Other times, chili can be taken to the extreme edge of digestibility. For chili aficionado John Puetz of Garfield Township, his strangest trip into the dark bean world of chili was at an Arizona restaurant where he consumed rattlesnake chili. "Little chewy," recalled Puetz, a self-professed user of the motorcycle-grip shovel technique of spooning up chili.

For Ric Dittrich, a chef with Pepper's Tavern and Grille in Traverse City, rattlesnake would seem mild. Several years ago while visiting Texas, Dittrich plunged his spoon into a bowl of baby lion with habanera peppers chili. He didn't ask for seconds.
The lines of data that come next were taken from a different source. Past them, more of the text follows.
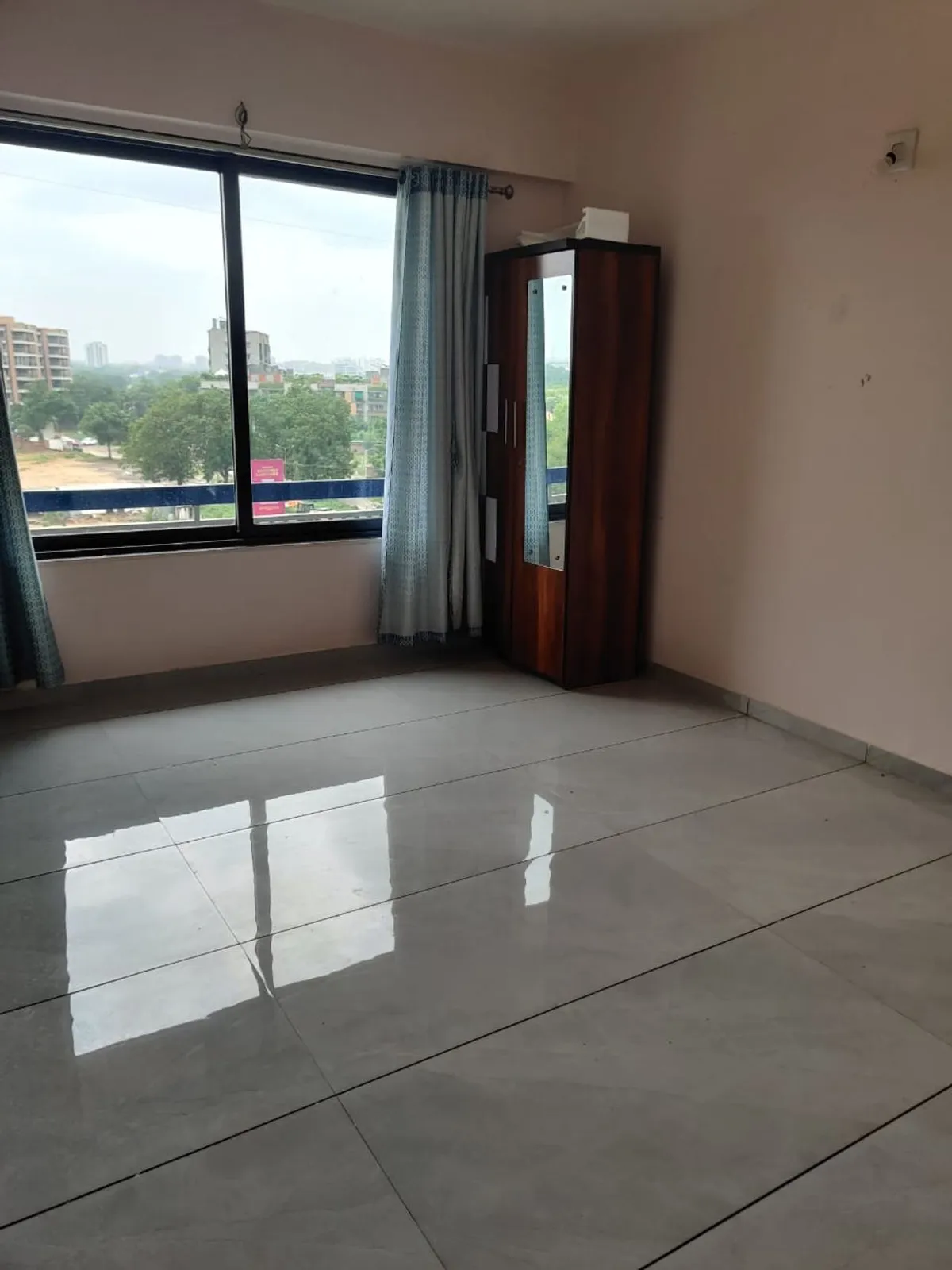 Flat for Rent in Skywalk Mangalam, Zundal, Ahmedabad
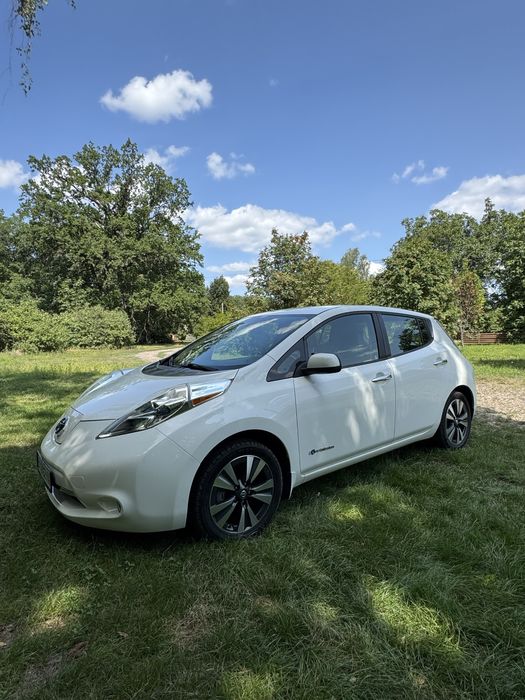 Nissan Leaf SL  2016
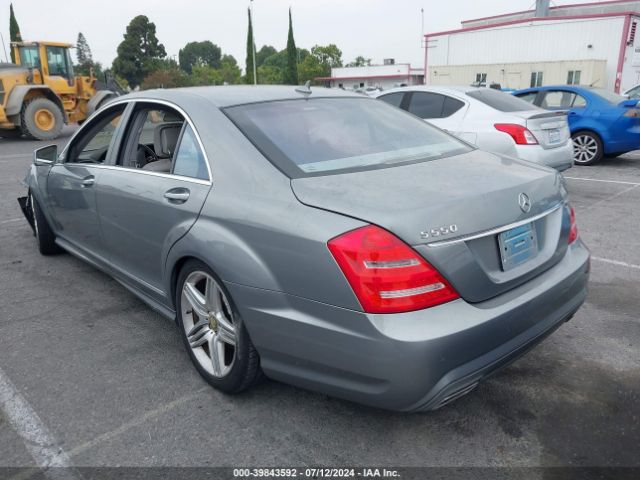 2013 MERCEDES-BENZ S 550 WDDNG7DB1DA506383 Photo 2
"You don't see those exotic chili culinary salons anymore serving lion and elephant," said Dittrich, who served up tamer dishes of shrimp and scallop chili and smoked chicken chili at the cook-off. "That kind of came and went with the end of the '80s."

Not that Dittrich is afraid to experiment when it comes to chili. In fact, one creation he had a hand in caused a real out-of-body experience.

"While I was down in Florida several chef friends added some wild mushrooms to a white bean chili. It was a complete out-of-body experience," Dittrich said, adding, "It's not often that someone calls and says, 'Hey, we're making chili tonight so bring your sleeping bag because you're staying over.'"

While not everyone may take their passion for chili to such heights, professional chefs and kitchen counter cooks alike appreciate the accolades of a batch well done.

For Cathie's owner King, a good belch can be regarded as a compliment, as are watery eyes and losing one's voice. Others, like home brewer Puetz, a loosening of the belt and unbuttoning of the pants is testimony to his gastronomy.

For Dittrich, getting people to simply try the unexpected and enjoy it goes beyond any chili cook-off award. After all, as he sees it, eating the right chili is close to a religious experience

"Anyone can cook a bunch of red bean chili, but when you give people the unexpected and they like it, even if they thought they wouldn't, you've made a convert."